After all the other fancier fare is picked over, though, and everyone’s had a few drinks, they come wandering back for just one more quick snack … and there’s PHP, waiting. By the end of the evening your tray is empty. As you knew it would be.
Python: Grocery Store Cupcakes
Python programmers are pragmatists. They like it as a general-purpose programming language that is versatile, easy to drive and comes with lots of built-in conveniences. They don’t care that Python isn’t fast or sexy because, let’s face it, neither are most of the apps that most of us get paid to build. Somehow, though, Python has also appeared at the top of Stack Overflow’s “most wanted to learn” languages for the past five years.

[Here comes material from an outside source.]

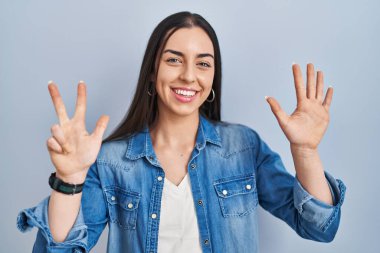 Hispanic woman standing over blue background showing and pointing up with fingers number eight while smiling confident and happy.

This is why the perfect confection for a Python coder to bring to the holiday potluck is grocery store cupcakes. All that’s required is a quick swing through the bakery section at the supermarket and some quick math (ndozen=nguests/12). A practical, efficient and popular choice, and of course you will be certain to recycle the containers after the other partygoers gobble them up.
Rust: Jell-O Jigglers
Rust – Stack Overflow’s most loved programming language for the seventh year in a row — is a language that challenges your preconceptions and forces you to reevaluate all you believe to be true. Rust features unique concepts not present in other programming languages — like ownership and borrowing — that can occasionally cause your brain to wobble. This is why the perfect Rust programmer holiday potluck dessert is Jell-O Jigglers!

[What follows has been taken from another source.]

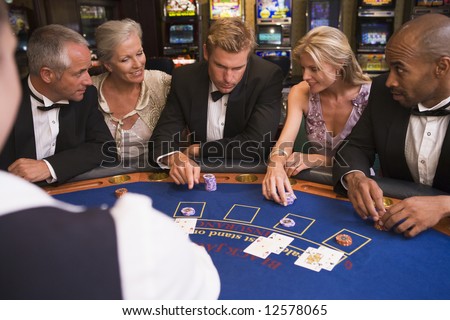 Five people sitting around blackjack table in casino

This is not just dessert, it is even an educational opportunity: Introduce your fellow partygoers to the concept of safe vs. unsafe Rust by making half of them plain and the other half with, say, 190-proof Everclear, and let them figure out which is which. Oh, the memories you will make together!
SQL: Chocolate Chip Cookies
Everyone will be so happy to encounter a heaping plate of homemade chocolate chip cookies at this party. “Oh!” they will say, with dawning delight. “I love these but haven’t had them in ages!” Everyone will ask for your recipe (even though they also secretly wrapped a stack of cookies in some napkins and stuck them in a pocket for later).

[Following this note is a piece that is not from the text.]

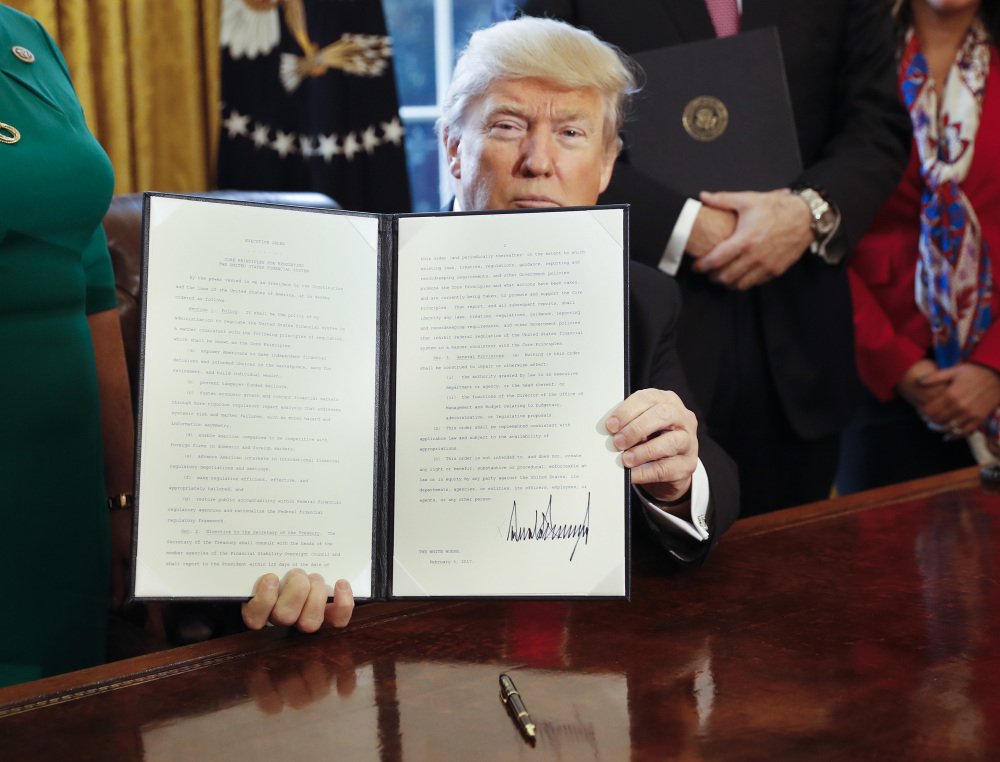 President Trump holds up an executive order he signed in the Oval Office of the White House in Washington on Friday. The executive order directs the Treasury secretary to review the 2010 Dodd-Frank financial oversight law, which reshaped financial regulation after 2008-2009 crisis.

Just like homemade chocolate chip cookies, SQL simply makes the world a better place to be. I would absolutely not want to live in a world where I had to write procedural code to do the things that SQL does effortlessly. Seriously!
Machine learning and artificial intelligence are what everyone wants to talk about, but the truth is a good 75% of the time a properly written SQL query, maybe neatly wrapped in a napkin with a tight Bash script and a strategic cron job, is the tool to tuck in your pocket to bring some simple joy to your life later on.
Wasm: Disposable Plates and Utensils
OK, yeah, so WebAssembly (Wasm) isn’t actually a programming language, but rather a compilation target for other languages, allowing server-side code to be compiled into Wasm to be executed in the browser. In theory this takes the performance of heavy-duty tasks to the next level, allowing anyone to write machine code to run inside a safe and virtual sandbox right in the browser (or, increasingly, outside of it).
This is why disposable plates, forks, etc. are the perfect holiday potluck contribution for the enthusiast scrolling all the way down here to the end of this list to find Wasm. Yes, you were supposed to bring dessert, but nobody minds — after all, yours is the party contribution that makes all those Rust/Python/C++/JS offerings easily and efficiently consumable.